Naja, vielleicht beim nächsten Mal!


----------



## X-Präsi (19. Juni 2009)

@ gordon#1: ups - beinahe übersehen. wenn du noch interesse hast, frage ich mal, ob noch ein zimmerchen für dich zu bekommen wäre. Dazu schicke mir aber bitte ne mail an kleinjohann et dimb. de.

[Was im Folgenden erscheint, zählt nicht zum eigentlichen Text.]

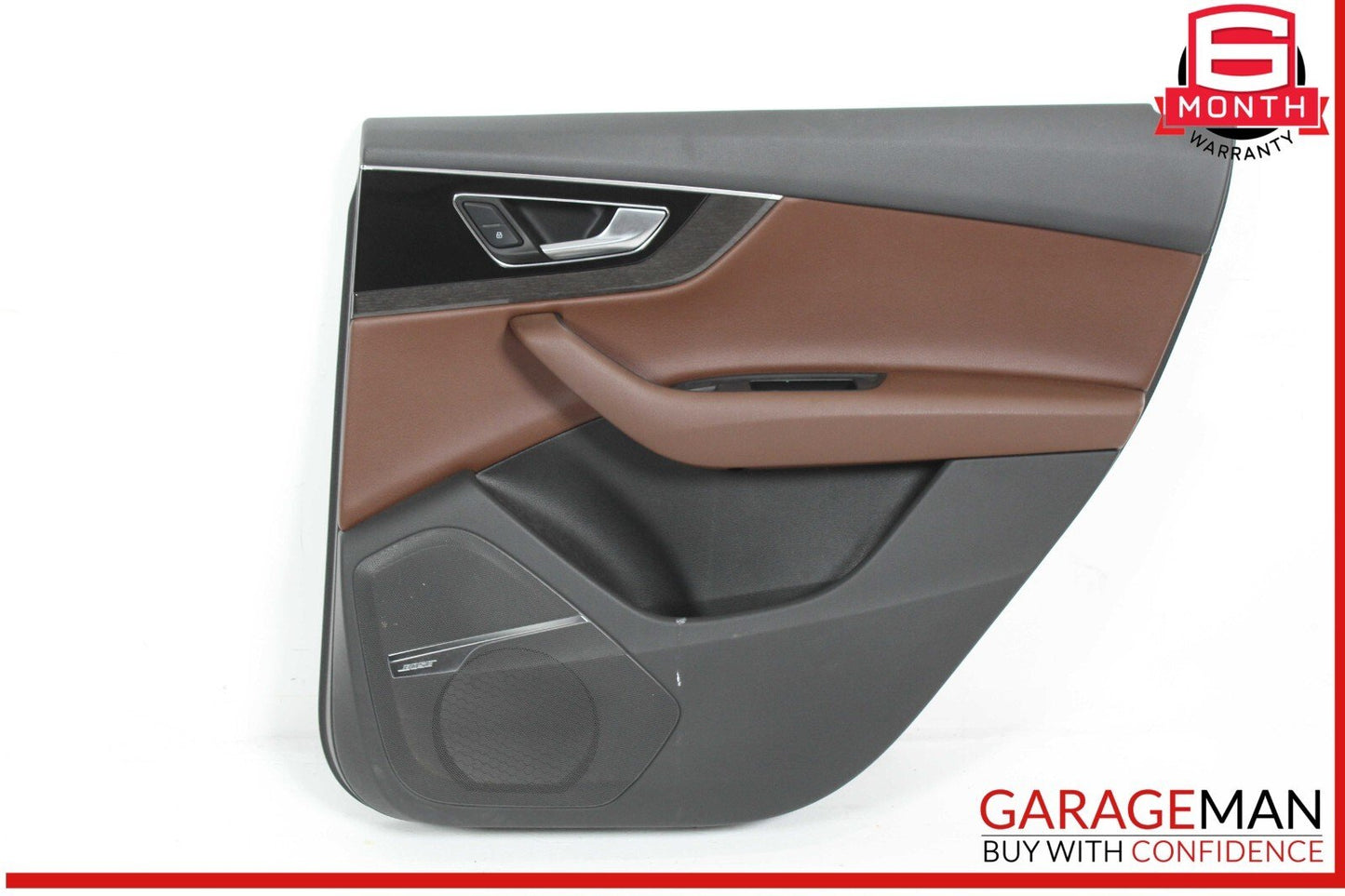 17-19 Audi Q7 Rear Right Passenger Side Interior Door Panel Trim OEM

@ all: habt Ihr eigentlich schon Fahrgemeinschaften gebildet, oder fährt jeder mit seinem Auto?

gruß

thomas


----------



## Mc.Gyver (19. Juni 2009)

Ich fahre schon mal


----------



## Raschauer (19. Juni 2009)

Mc.Gyver schrieb:


> Ich fahre schon mal


Mit em Bus


----------



## MTB-News.de




----------



## Rockside (20. Juni 2009)

Ich werd wahrscheinlich selbst fahren, weil ich noch nicht weiss, wann ich fahren kann. Möglicherweise trudele ich erst am Freitagabend etwas später ein.


----------



## Mc.Gyver (20. Juni 2009)

Na klar mit dem Bus.


----------



## Ivonnche (20. Juni 2009)

Ich fahr auch mit dem süßen schwarzen Bus vom Lago


----------



## X-Präsi (29. Juni 2009)

noch 4 und der minimale Rest von heute...


----------



## Raschauer (30. Juni 2009)

Präsi schrieb:


> noch 4 und der minimale Rest von heute...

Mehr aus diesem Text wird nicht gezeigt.